"These Children Do Speak English:" Language and the Fight Against School Segregation
While the Brown v. Board of Education National Historic Site in Topeka, Kansas, memorializes a single Supreme Court case, the National Trust for Historic Preservation is currently advocating for legislation to tell the stories of all the included court cases that made up Brown v. Board. Researching lesser-known cases such as Briggs v. Elliott or Davis v. County School Board of Prince Edward County sparked questions about other cases in the fight for school desegregation. How did other communities suffer from and challenge segregation in their schools?
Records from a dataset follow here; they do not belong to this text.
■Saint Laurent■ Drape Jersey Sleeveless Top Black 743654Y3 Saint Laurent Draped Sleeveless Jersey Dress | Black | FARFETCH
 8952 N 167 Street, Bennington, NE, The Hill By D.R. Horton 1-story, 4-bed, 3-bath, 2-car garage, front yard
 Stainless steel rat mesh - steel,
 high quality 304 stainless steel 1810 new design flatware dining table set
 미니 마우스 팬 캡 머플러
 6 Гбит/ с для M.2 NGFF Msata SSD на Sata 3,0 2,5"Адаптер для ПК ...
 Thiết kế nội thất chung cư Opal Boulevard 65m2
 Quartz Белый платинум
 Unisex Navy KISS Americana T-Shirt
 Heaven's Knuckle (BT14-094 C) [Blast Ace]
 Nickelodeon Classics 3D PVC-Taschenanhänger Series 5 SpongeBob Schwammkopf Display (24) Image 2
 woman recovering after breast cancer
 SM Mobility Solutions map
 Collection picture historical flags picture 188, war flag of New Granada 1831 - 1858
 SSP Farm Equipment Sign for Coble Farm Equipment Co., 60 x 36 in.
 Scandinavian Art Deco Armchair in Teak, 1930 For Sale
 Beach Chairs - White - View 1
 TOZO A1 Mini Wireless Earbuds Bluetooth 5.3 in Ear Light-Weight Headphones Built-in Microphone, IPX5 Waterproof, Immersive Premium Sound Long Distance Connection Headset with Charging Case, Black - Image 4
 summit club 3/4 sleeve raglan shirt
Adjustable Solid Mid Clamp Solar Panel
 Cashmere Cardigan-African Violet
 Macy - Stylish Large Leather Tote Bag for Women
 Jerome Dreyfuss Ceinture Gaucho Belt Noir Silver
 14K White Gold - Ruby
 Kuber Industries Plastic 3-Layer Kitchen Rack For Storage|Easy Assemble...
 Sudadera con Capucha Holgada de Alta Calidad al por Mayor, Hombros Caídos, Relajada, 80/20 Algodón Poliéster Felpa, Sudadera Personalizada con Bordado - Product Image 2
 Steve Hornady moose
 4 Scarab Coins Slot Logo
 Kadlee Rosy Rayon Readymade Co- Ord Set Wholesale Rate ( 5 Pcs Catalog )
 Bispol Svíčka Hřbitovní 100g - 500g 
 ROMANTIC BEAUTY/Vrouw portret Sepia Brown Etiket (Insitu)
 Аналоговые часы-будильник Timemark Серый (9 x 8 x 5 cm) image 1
I spent the summer as an intern for the National Trust focusing on research related to Brown v. Board of Education. As part of this work, I compiled a list of state and federal court cases regarding school desegregation for Latinx American, Native American, and Asian and Pacific Islander American populations. Totaling 35 cases across 12 states and spanning the years 1885 to 2006, the list shines light on important trends throughout legal history.
Hispanic and Latinx Americans faced unique challenges in their own battle for equality. In the late-19th and early-20th centuries, Mexican Americans were legally white by race, according to the Treaty of Guadalupe Hidalgo that ended the Mexican American War. However, according to legal scholar Arielle Gross, they were “treated by Anglos as a separate race” and suffered day-to-day discrimination. The legal classification of Mexican Americans as white made it difficult for them to claim that they were discriminated against because of race. Officials—such as those from the school districts in the following three cases—would simply argue that the white status of Mexican Americans made it impossible to discriminate against them.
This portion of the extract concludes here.